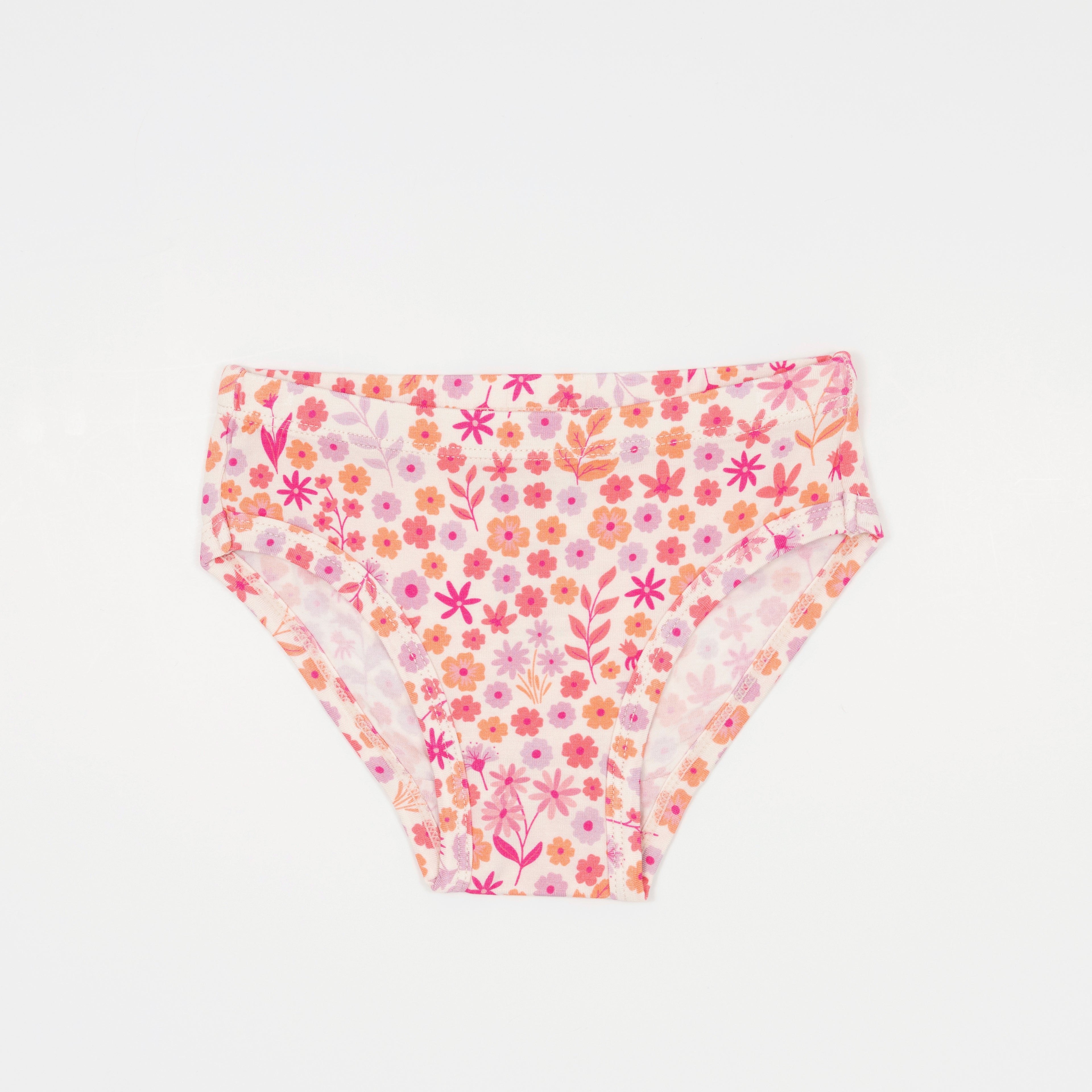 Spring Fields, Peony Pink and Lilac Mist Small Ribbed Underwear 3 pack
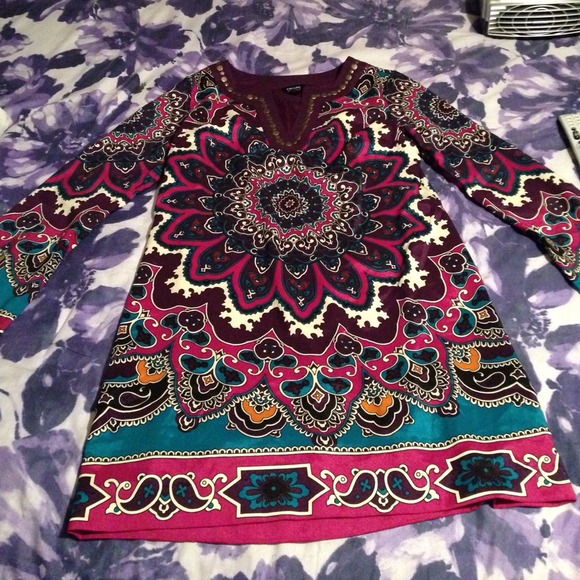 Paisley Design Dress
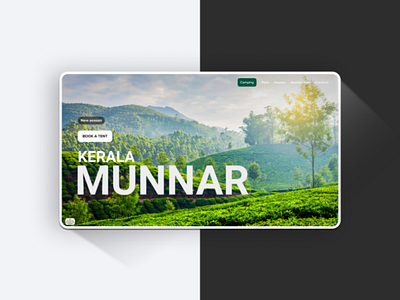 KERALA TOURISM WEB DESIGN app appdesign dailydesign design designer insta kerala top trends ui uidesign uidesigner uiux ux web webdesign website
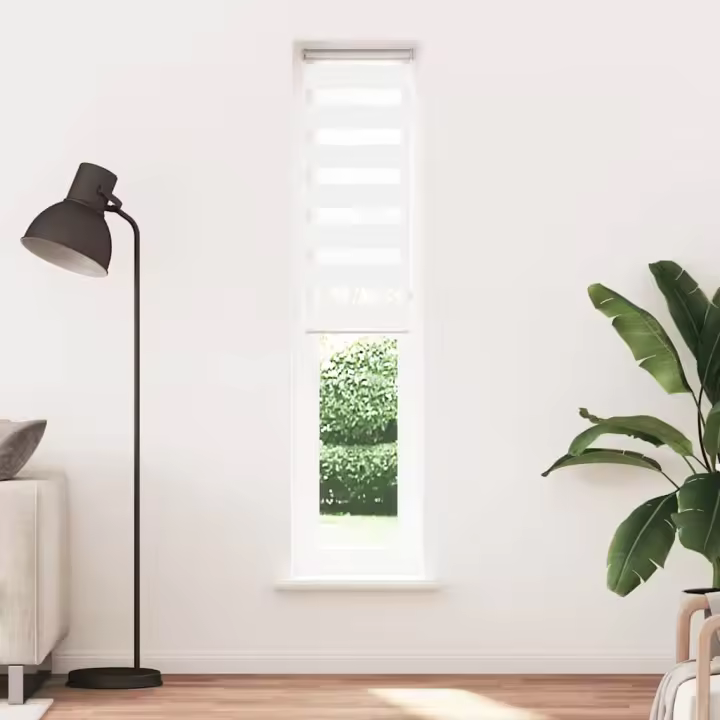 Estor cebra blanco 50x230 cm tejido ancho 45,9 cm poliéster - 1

### Problem description
Print the material verbatim; drop the pictures.

### Answer for this exercise
 Spring Fields, Peony Pink and Lilac Mist Small Ribbed Underwear 3 pack
 Paisley Design Dress
 KERALA TOURISM WEB DESIGN app appdesign dailydesign design designer insta kerala top trends ui uidesign uidesigner uiux ux web webdesign website
 Estor cebra blanco 50x230 cm tejido ancho 45,9 cm poliéster - 1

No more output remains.